その少し前に、千葉俊二先生と岩波で会う話が出て、私は少々重い心を抱いて出向いた。H氏と三人で話していて、千葉先生から、千萬子さんに会ってみないかと話があったのである。そして二週間後にH氏と三人で小田原に行くことになった。
だがその時、私は既に岩波から降りる決心をしていた。小田原へ行ってからにしようと思ったが、それまで時間がありすぎたため、私は「シナ」を認めてもらえないなら降りる旨メールをした。だから、当日、H氏とは一言も交わさず、小田急の切符代のふりをしてそれまでの労に報いる金を封筒に入れて渡したにとどまった。その時同氏が千萬子さんに、本を書かないかと交渉して、今回の本が出たのである。これは、よかったと思っている。
それと、千萬子さんに、あまりしつこく根問いしてはいけないとも思っていたので、千葉先生に監視してもらいながら、疑問点を二、三問うた。その際千萬子さんが、最近、文章を書いている、と言われたので、私は、それなら雑誌に紹介するなどと安請け合いしてしまった。最初某雑誌に持ちかけたら、小谷野さんが取材して書くというならいい、ということだったので、別の某誌に話したら、その社で、千萬子さんが単行本を出す予定になっていると聞かされた。私は知らなかったので驚いたが、たまたま担当の人を知っていたので訊いてみると、確かに、書いてみたらと言ってはあるが、特にすぐどうこうということはないという話だった。
それで、まず千萬子さんに、とりあえず随筆を書いてみてくれるよう、電話で頼んだ。
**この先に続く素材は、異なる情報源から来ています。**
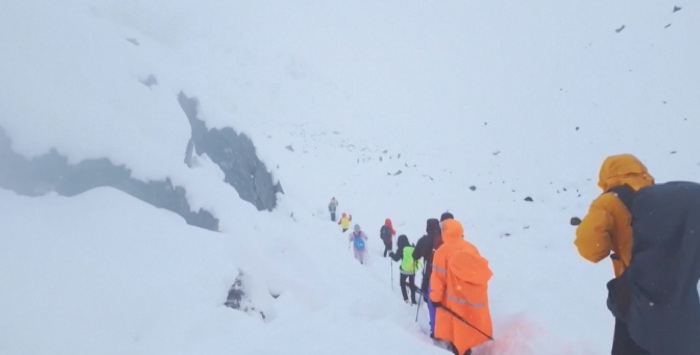 Para pendaki yang melakukan pendakian di Gunung Everest. (Foto/Doc)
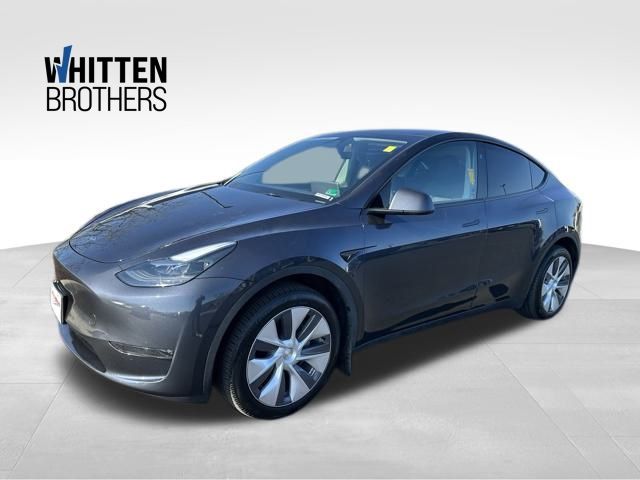 2024 Tesla Model Y Long Range's photo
いざ届いたものを見て、困ったのは、やはり私は、谷崎のことを書いて欲しかったのが、ご自身のことを書いておられたからで、編集部に見せたら、このままでは掲載できない、二、三度書き直ししてもらわないとということだった。
私は考えて、編集者でもない私が橋渡しをして二、三度の書き直しはムリだと判断し、電話で千萬子さんに断りを言った。この時は、千萬子さんも、予期していなかったようで、失望の声を聞きながら私は比較的冷淡に電話を切った。
そんな経緯で、以後、千萬子さんに、著作の経緯を話すことができなくなってしまったのである。とはいえ、私には、自分が気に入った人を、すぐに出版社や雑誌に紹介したがる悪い癖があって、もちろん、うまく刊行の運びになったケースもあるのだが、うまくいかなかったことの方が多い。あと、評伝を書くときは遺族にいろいろ配慮しなければならず、谷崎の場合、いかに遺族間に複雑なものがあるか、千萬子さんの本を読んでいただければよく分かると思う。千萬子さんは明らかに松子と対立しているが、谷崎の著作権継承者たる観世恵美子さんは松子の実の娘である。